Terwijl Mahmoud en Malika hun beschrijving van de ceremonie afronden, waarbij gekleurde doeken, parfums, eten, drinken, bezweringen, gebeden en hypnotiserende, trance-opwekkende ritmes betrokken zijn, glijdt Mahmoud op de vloer en begint een hypnotiserend deuntje op de geitenleer te kiezen riep een guimbri . Malika klapt in contrapunt en de drummer van zijn groep doet mee en tikt op een gesynchroniseerde beat op een plastic doos met een cassette. De kinderen klappen en dansen al snel in perfecte tijd. "Hamza is pas 10 jaar oud, maar hij leert de guimbri van zijn vader en heeft al met ons opgetreden in Japan, " zegt Malika, haar oudste kind knuffelend.

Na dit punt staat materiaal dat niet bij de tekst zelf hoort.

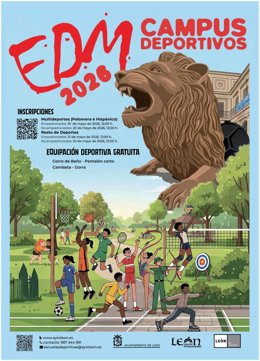 Cartel de los Campus Deportivos de Verano programados por el Ayuntamiento de León.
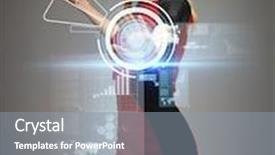  Presentation with futuristic - Presentation theme featuring picture of futuristic woman working with virtual touchscreens background and a light blue colored foreground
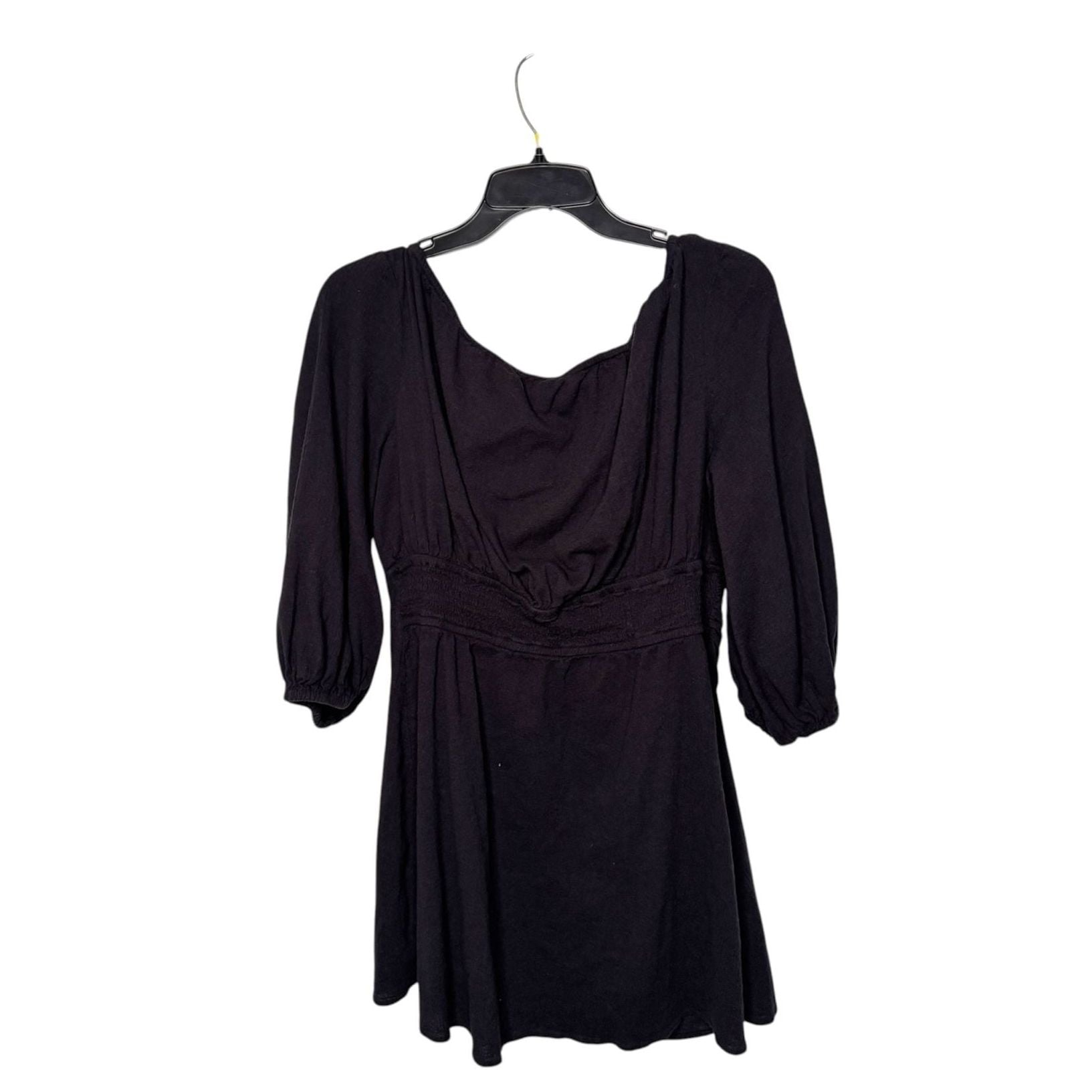 Free People Port Sunlight Mini Dress Black Smocked Size L 4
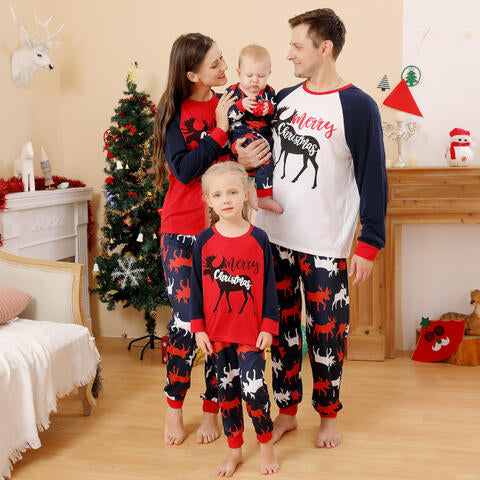 Women Merry Christmas Graphic Top and Reindeer Pants Set Pajamas JT's Designer Fashion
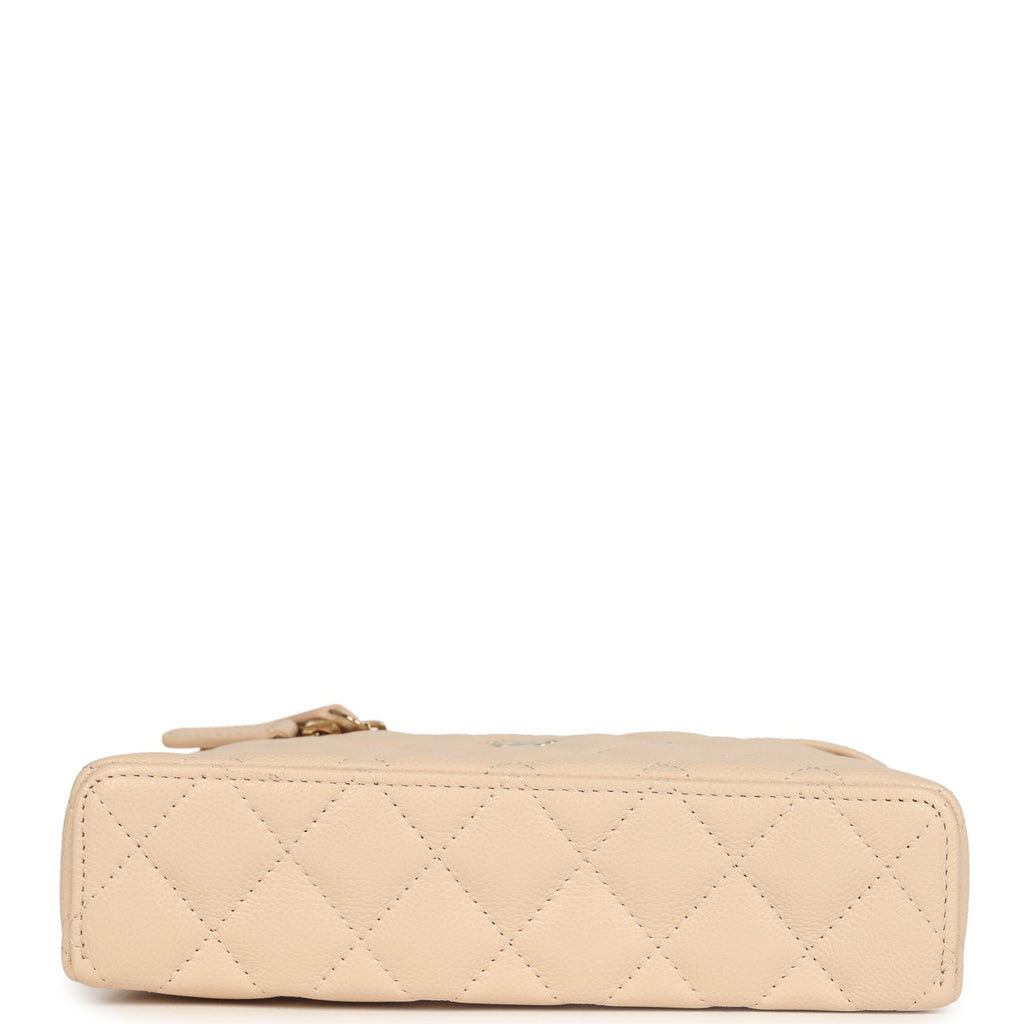 Chanel Top Handle Long Vanity Case with Chain Light Beige Shiny Caviar Light Gold Hardware - Image 7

Na een tijdje neemt de groep een pauze en stap ik naar buiten, alleen onder de sterren, om de zeebries te ruiken en te luisteren naar de verre echo van vissers die hun boten over het rotsachtige strand de branding in slepen. Al snel vermengt dit schrapende geluid zich met het vage gepluk van de guimbri terwijl de muziek binnenin weer begint. Ingehaald in de Marokkaanse behoefte om te entertainen en vermaakt te worden, zijn ze zonder mij begonnen. Ontsnappen aan de guimbri, zoals slapen door het Berber-festival van Imilchil, is uitgesloten. Ik inhaleer de nachtlucht. Verfrist glip ik weer naar binnen, klaar voor meer.